The Accountant/Attorney Liability Reporter: July/August 2005

Inside this Issue

The Bankruptcy Court Denies Counsel’s Motion to Withdraw Despite Clear Failure to Pay

In a Chapter 7 bankruptcy proceeding, a U.S. Bankruptcy Judge denied a motion by defendant’s counsel to withdraw, ruling that a lawyer who represents the debtor in a bankruptcy proceeding cannot rely on a clause in the retainer agreement allowing the lawyer to withdraw in the event of non-payment. In re Cuddy, No. 04-12166-WCH (Bankr.D.Mass. March 24, 2005).

Executrix Held Personally Liable for Legal Services Rendered to Probate Estate

In a breach of contract action brought by Attorney Diana Butt Campbell (“Attorney”) against an executrix, Nancy C. Toner (“Executrix”), The Massachusetts Appellate Division for the Northern District confirmed that an executrix is personally responsible for the payment of legal fees incurred in probating an estate, unless the parties agree otherwise. Diana Butt Campbell v. Nancy C. Toner, 2004 Mass.App.Div. 7.

The Federal District Court Denies Summary Judgment on Partnership by Estoppel

In Katherine Andrews v. Barry D. Elwell, Paul W. Pappas, John F. Carlson, and Neil Colicchio, C.A. No. 03-10825-REK, the United States District Court for the District of Massachusetts addressed the issue of partnership by estoppel, as applied to lawyers practicing together, who shared letterhead and used their names together to describe their offices.

The United States Court of Appeals for the First Circuit Holds Chapter 11 Counsel Liable for Malpractice

In a legal malpractice claim brought by the bankruptcy trustee, (“Trustee”) against Chapter 11 counsel (the “Defendants”), the US Court of Appeals for the First Circuit addressed the elements of a legal malpractice claim as it applies to Chapter 11 proceedings. Significantly, it considered (1) the existence of an attorney-client relationship, which imposed a duty of care, skill and knowledge in providing legal services to a client; (2) breach of duty; and (3) the connection of a legally recognized causation between the breach and the resulting harm to the client.

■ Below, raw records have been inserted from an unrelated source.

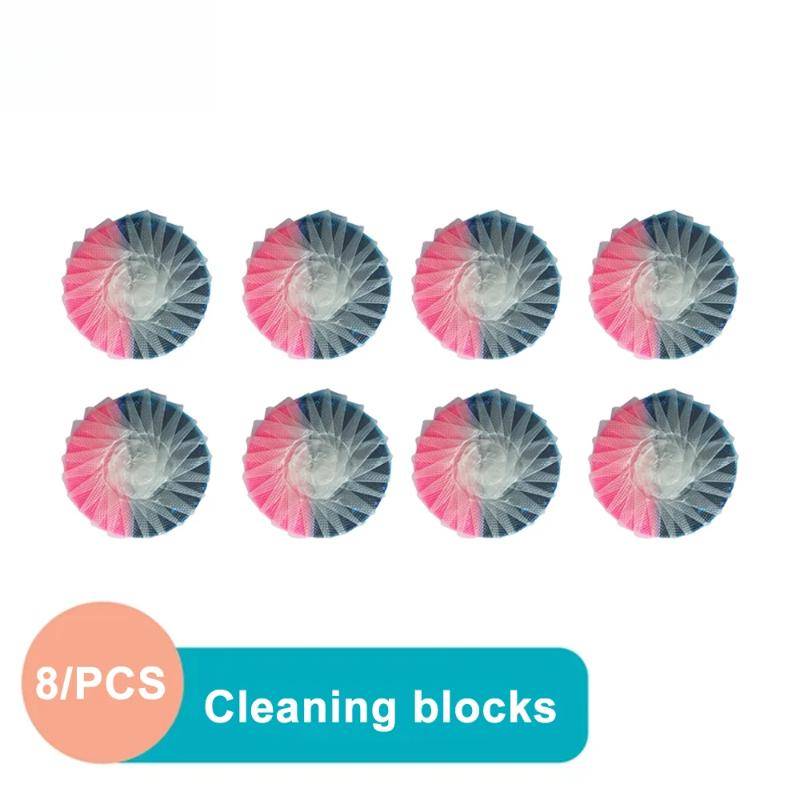 Toilet Bowl Cleaner Tablets Deep Cleaning Washer Deodorant Cleaning Agent Pills Toilet Tank Cleaners Remove Urine Stains Odor
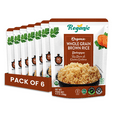 thumbnail image 2 of Reganic Organic Whole Grain Brown Rice Microwaveable Heat & Eat Rice, 8.8 Ounce (Pack of 6) | USDA Certified Organic, GMO-Free | Fresh Ingredients | Flavored Side Dish, 2 of 7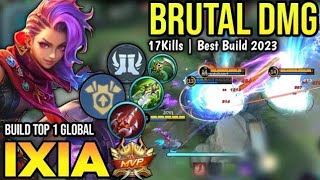 Download Lagu 100% BRUTAL DAMAGE IXIA 😱 | BEST  BUILD ABD EMBLEM 2026!! (early to late) | MLBB Ranked #ixia  MP3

CPA Not Liable for Failing to Consider Applicability of §280H

A recent unpublished decision of the Massachusetts Appeals Court held that a defendant tax preparer was not negligent when the plaintiff failed to show that the defendant submitted an incorrect tax form and even if he did, the alleged negligence was not actionable because the plaintiff not was harmed by the defendant’s omission. In Barry R. Miller v. Roger Volk, the Appeals Court reversed a trial court’s finding of negligence because the plaintiff did not prove that the defendant’s failure to explore the applicability of 26 U.S.C. §280H (1994) (“§280H”) caused the plaintiff’s increased tax liability. Further, the plaintiffs’ own action of withdrawing money from his business caused the resulting tax liability and no proof was submitted to the trial court that the interest charged by the Internal Revenue Service (“IRS”) exceeded the value of the plaintiff’s use of the funds.